▸ **Your instructions**:
From the listing below, extract every line containing "with".

▸ **Available data**:

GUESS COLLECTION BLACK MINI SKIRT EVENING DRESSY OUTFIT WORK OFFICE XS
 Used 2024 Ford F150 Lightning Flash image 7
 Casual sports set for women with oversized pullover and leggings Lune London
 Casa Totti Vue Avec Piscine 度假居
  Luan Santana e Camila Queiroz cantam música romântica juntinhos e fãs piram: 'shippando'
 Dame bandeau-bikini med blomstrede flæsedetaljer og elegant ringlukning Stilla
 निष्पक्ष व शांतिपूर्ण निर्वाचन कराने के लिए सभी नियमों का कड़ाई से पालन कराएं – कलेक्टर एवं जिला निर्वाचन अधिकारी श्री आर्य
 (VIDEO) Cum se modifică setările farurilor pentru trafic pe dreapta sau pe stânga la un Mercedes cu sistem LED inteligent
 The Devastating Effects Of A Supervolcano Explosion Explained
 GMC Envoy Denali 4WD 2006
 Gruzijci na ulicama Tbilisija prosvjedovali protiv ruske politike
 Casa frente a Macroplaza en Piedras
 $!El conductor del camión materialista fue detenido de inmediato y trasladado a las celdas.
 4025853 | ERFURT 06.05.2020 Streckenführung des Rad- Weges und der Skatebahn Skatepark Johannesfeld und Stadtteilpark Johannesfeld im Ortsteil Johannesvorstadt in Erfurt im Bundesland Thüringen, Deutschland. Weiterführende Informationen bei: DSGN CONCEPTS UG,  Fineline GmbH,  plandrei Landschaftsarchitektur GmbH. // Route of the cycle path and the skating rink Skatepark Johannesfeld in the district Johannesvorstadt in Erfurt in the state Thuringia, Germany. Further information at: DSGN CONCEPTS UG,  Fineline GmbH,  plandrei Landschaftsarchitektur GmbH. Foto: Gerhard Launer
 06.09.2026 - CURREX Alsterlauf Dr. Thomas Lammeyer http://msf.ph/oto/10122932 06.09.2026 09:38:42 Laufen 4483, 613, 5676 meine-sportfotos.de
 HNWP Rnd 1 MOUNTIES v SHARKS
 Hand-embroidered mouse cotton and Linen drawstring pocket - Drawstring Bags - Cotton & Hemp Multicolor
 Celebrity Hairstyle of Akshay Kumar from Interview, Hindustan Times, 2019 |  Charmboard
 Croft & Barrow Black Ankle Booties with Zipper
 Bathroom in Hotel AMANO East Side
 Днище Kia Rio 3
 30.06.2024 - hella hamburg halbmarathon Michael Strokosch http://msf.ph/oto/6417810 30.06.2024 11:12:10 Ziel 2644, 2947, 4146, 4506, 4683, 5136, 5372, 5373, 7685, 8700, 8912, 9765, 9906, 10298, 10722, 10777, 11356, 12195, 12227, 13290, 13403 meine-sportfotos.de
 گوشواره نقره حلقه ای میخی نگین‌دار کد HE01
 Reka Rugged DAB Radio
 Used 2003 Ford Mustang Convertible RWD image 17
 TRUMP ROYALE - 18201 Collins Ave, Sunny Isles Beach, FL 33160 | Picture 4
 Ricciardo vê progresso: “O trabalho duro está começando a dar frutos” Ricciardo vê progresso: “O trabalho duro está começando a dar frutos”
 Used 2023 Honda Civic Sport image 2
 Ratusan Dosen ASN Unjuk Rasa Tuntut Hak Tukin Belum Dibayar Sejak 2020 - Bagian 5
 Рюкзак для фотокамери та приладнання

▸ **Response**:
 Casual sports set for women with oversized pullover and leggings Lune London
 Croft & Barrow Black Ankle Booties with Zipper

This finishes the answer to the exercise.